Launch

Vulcan Is On The Pad For Its First National Security Launch

ULA's Vulcan rocket heads to the pad ahead of a launch for the US Space Force. Image: ULA.
ULA’s Vulcan rocket heads to the pad ahead of a launch for the US Space Force. Image: ULA.

ULA’s Vulcan rocket is expected to deliver a technology-demonstrator satellite and REDACTED PAYLOADS directly to geostationary orbit from Cape Canaveral, during a launch window that opens today at 7:59 pm ET. 

The GEO direct injection flight profile requires the most powerful configuration of Vulcan sent to space yet, with four solid-rocket boosters strapped alongside the first stage’s two Blue Origin-built BE-4 engines, and a fully-fueled Centaur second stage.

“It is what we designed the rocket to do,” ULA CEO Tory Bruno told reporters last week, ahead of the rocket’s first mission for the Space Force. Bruno called this mission—the rocket’s third—the “anchor case” for the vehicle’s design, as well as one of the most difficult and longest-duration flights performed by the company. 

Who’s up: The mission’s primary goal is launching Navigation Technology Satellite-3 (NST-3), an AFRL sat built by L3Harris to demonstrate positioning, navigation, and timing signals that are more resilient than GPS. 

It’s the first experimental navigation satellite launched by the US in 43 years, and will spend the next year on a test campaign proving out the use of software-defined radio to elude jamming and spoofing.  

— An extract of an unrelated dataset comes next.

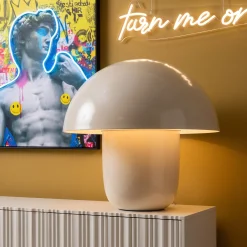 Lampa stołowa stalowa grzybek kolor beżowy Ø50x44 cm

And since all that extra power probably isn’t just for a satellite that is thought to weigh a little more than a metric ton, other payloads are likely aboard. 

“We’re not going to make any further comments on anything beyond NTS-3 in the mission stack,” Space Force Col. Jim Horne said yesterday,

Sign on the line: After Vulcan’s two certification launches last year, the Space Force greenlit the vehicle for national security launches this spring. The second launch, however, saw issues, with one of the Northrop Grumman-built solid-rocket boosters.

“We really had to go back and work with ULA and Northrop to understand what happened there, and convince ourselves we had a good design and that we were ready to fly,” Horne said, noting that a number of full scale static fires allayed concerns about flying this mission. 

Scale it up: Now that Vulcan is ready to meet its base case, ULA wants to start increasing cadence and catching up on its delayed manifest (this mission was scheduled for last year). 

The company is developing a second integration facility at the Cape to allow work on two missions at the same time, and is also building a launch facility at California’s Vandenberg Space Force Base.

Bruno said ULA aims to fly nine missions this year, hitting a cadence of two launches a month toward an eventual goal of 25 missions annually. In the near-term, however, most of those flights will use up the company’s remaining Atlas V rockets for Amazon Kuiper and Viasat.